## Task details:
Without altering anything, repeat each of the records.

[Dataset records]

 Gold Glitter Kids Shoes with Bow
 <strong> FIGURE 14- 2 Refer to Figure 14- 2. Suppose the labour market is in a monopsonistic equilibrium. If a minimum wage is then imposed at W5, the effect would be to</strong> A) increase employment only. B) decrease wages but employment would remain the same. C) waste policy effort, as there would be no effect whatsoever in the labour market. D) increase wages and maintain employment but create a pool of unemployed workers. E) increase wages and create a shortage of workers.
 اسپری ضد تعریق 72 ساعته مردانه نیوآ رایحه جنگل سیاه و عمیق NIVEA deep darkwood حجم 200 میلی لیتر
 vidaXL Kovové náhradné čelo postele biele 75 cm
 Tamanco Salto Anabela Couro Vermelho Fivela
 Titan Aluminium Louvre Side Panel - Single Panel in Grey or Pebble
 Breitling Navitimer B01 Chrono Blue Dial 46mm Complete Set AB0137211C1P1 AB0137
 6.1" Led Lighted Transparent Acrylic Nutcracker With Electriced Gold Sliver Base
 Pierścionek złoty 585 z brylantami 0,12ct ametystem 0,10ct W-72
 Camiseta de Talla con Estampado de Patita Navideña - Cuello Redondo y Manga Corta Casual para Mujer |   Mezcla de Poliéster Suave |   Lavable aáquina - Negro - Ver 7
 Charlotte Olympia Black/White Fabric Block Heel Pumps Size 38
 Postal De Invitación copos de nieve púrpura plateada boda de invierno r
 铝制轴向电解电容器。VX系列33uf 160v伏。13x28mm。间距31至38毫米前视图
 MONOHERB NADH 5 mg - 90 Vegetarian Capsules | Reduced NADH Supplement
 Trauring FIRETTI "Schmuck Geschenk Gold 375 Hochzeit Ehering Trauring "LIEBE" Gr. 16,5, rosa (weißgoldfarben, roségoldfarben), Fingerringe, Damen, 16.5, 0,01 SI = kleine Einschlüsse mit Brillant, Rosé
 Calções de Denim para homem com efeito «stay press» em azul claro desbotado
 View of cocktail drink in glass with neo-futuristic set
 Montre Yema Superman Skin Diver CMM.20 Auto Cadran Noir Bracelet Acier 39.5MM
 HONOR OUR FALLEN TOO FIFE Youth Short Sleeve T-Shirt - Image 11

## Solution to this problem:
 Gold Glitter Kids Shoes with Bow
 <strong> FIGURE 14- 2 Refer to Figure 14- 2. Suppose the labour market is in a monopsonistic equilibrium. If a minimum wage is then imposed at W5, the effect would be to</strong> A) increase employment only. B) decrease wages but employment would remain the same. C) waste policy effort, as there would be no effect whatsoever in the labour market. D) increase wages and maintain employment but create a pool of unemployed workers. E) increase wages and create a shortage of workers.
 اسپری ضد تعریق 72 ساعته مردانه نیوآ رایحه جنگل سیاه و عمیق NIVEA deep darkwood حجم 200 میلی لیتر
 vidaXL Kovové náhradné čelo postele biele 75 cm
 Tamanco Salto Anabela Couro Vermelho Fivela
 Titan Aluminium Louvre Side Panel - Single Panel in Grey or Pebble
 Breitling Navitimer B01 Chrono Blue Dial 46mm Complete Set AB0137211C1P1 AB0137
 6.1" Led Lighted Transparent Acrylic Nutcracker With Electriced Gold Sliver Base
 Pierścionek złoty 585 z brylantami 0,12ct ametystem 0,10ct W-72
 Camiseta de Talla con Estampado de Patita Navideña - Cuello Redondo y Manga Corta Casual para Mujer |   Mezcla de Poliéster Suave |   Lavable aáquina - Negro - Ver 7
 Charlotte Olympia Black/White Fabric Block Heel Pumps Size 38
 Postal De Invitación copos de nieve púrpura plateada boda de invierno r
 铝制轴向电解电容器。VX系列33uf 160v伏。13x28mm。间距31至38毫米前视图
 MONOHERB NADH 5 mg - 90 Vegetarian Capsules | Reduced NADH Supplement
 Trauring FIRETTI "Schmuck Geschenk Gold 375 Hochzeit Ehering Trauring "LIEBE" Gr. 16,5, rosa (weißgoldfarben, roségoldfarben), Fingerringe, Damen, 16.5, 0,01 SI = kleine Einschlüsse mit Brillant, Rosé
 Calções de Denim para homem com efeito «stay press» em azul claro desbotado
 View of cocktail drink in glass with neo-futuristic set
 Montre Yema Superman Skin Diver CMM.20 Auto Cadran Noir Bracelet Acier 39.5MM
 HONOR OUR FALLEN TOO FIFE Youth Short Sleeve T-Shirt - Image 11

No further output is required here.